The meetings held under Rajiv Gandhi and Chandra Shekhar were, therefore, confined to asking Pakistan to extend mutual legal assistance as required under the Interpol by handing over the hijackers for trial and prosecution in India and to stop training and arming Khalistani terrorists in Pakistani territory.

Pakistan admitted the presence of the hijackers in its territory.

It could not have denied it because the whole world had watched the arrival of the hijacked aircraft in Lahore and the pictures of the hijackers on the television screen.

However, it refused to hand them over to India. Islamabad contended that under the International Civil Aviation Conventions relating to hijacking, it was its responsibility to prosecute and try the hijackers. It claimed it was doing so.

It did hold a sham trial in which they were convicted and sentenced to imprisonment, but instead of sending them to jail, it allowed them to live in the Nankana Sahib gurudwara in Lahore.

Pakistan totally denied the presence of Lal Singh and Parmar in its territory or of training camps for the Khalistani terrorists. The only outcome of this exercise was that the ISI pushed back into India four Sikh deserters of the Indian Army, who had crossed over into Pakistan and sought asylum.

After peremptorily dismissing Indian complaints and requests, the Pakistani authorities presented to the Indian officials what they described as a detailed dossier on alleged Indian sponsorship of terrorism in Sindh.

The Pakistani authorities manipulated the discussions in such a manner that most of the time was taken away by their dossier. At that time, the movement for an independent Sindhu Desh led by the late G M Syed was in full swing all over Sindh. The Pakistan Army was having difficulty in controlling it.

The ISI gave a copy of this dossier to Hussain Haqqani, then a journalist close to the Pakistani intelligence and now an academic living in the US, and asked him to go to India and persuade India Today to publish it.

Haqqani came to India, contacted an India Today journalist and requested him to have it published. He also promised more details. The journalist contacted RAW and asked for its comments.

RAW pointed out to him that the dossier had been fabricated by the ISI in order to divert attention from India's complaints relating to Khalistani terrorism. It was not published by the magazine.

Hussain Haqqani also contacted a number of old Indian friends of Benazir Bhutto, who had studied with her in the UK and the US, and allegedly made enquiries about her personal life and her contacts in India.

Her Pakistan People's Party came to know of his alleged enquiries through its sources in the Pakistani High Commission in New Delhi. Its executive committee met in Islamabad and strongly condemned his activities.

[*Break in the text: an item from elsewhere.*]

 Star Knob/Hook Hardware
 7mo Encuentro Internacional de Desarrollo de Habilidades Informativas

The government of India realised that instead of cooperating with India in counter-terrorism, Pakistan was misusing the mechanism to discredit the freedom struggle of the Sindhis as terrorism sponsored by India and also to discredit Pakistani political leaders, who were critical of its army, by projecting them as Indian agents.

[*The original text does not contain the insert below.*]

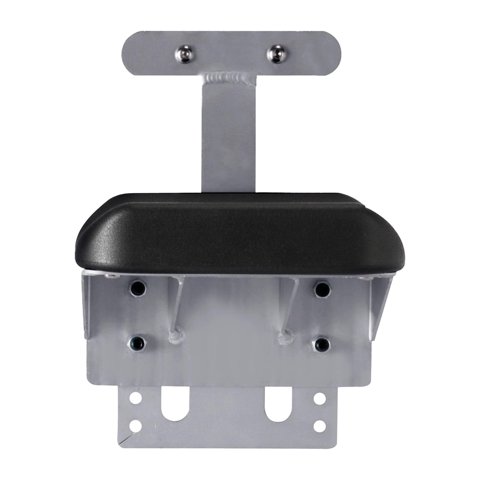 Magideal - Muleta, Rodillera Para Axilas, Cojín De Soporte De Rodilla Engrosado Universal Desmontable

The entire exercise for a counter-terrorism dialogue was called off.

Almost 14 years later, we have repeated the mistake exactly in the same way as we did in the late 1980s and early 1990s.

In December 2005, the Baloch nationalists launched their third freedom struggle. Their first struggle was launched immediately after the Partition of India in 1947. The second after the liberation of Bangladesh in 1971.

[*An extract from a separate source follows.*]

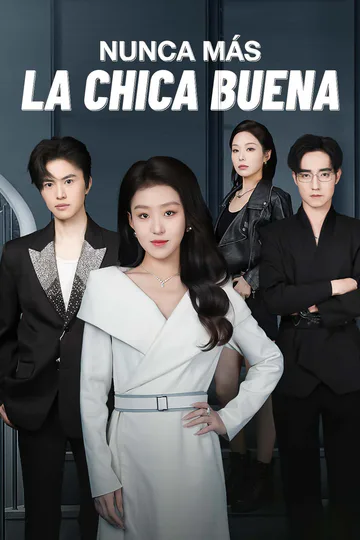 Póster de Nunca más la chica buena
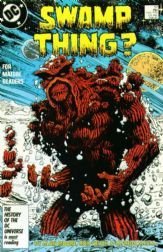 Swamp Thing # 57 NM ALAN Moore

Both those struggles were ruthlessly suppressed by the Pakistan Army and the ISI.

The third freedom struggle has been picking up momentum despite similar suppression and air strikes.

The Pakistan Army and Air Force brutally killed Nawab Akbar Khan Bugti, the Baloch nationalist leader, and some of his followers through an air strike in the Bugti area of Balochistan in August 2006.

This led to widespread anti-Punjabi and anti-army agitation all over Balochistan by the Balochs. Since then, the Pakistan Army and the ISI have mounted an exercise to discredit the freedom struggle and the Baloch nationalist leaders by projecting it as a terrorist movement sponsored by India and the nationalist leaders as Indian agents.

After Prime Minister Dr Manmohan Singh agreed with General Pervez Musharraf during their meeting at Havana in September last year to set up this joint counter-terrorism mechanism, I have been repeatedly cautioning in my writings and speeches that the Pakistani authorities would misuse this mechanism to discredit the Baloch freedom struggle by projecting it as an Indian-sponsored terrorist movement.

Just as they sought to have the Sindhi freedom struggle discredited during the dialogue of the late 1980s and early 1990s.

That seems to be exactly what they did at the just concluded first meeting of the new mechanism.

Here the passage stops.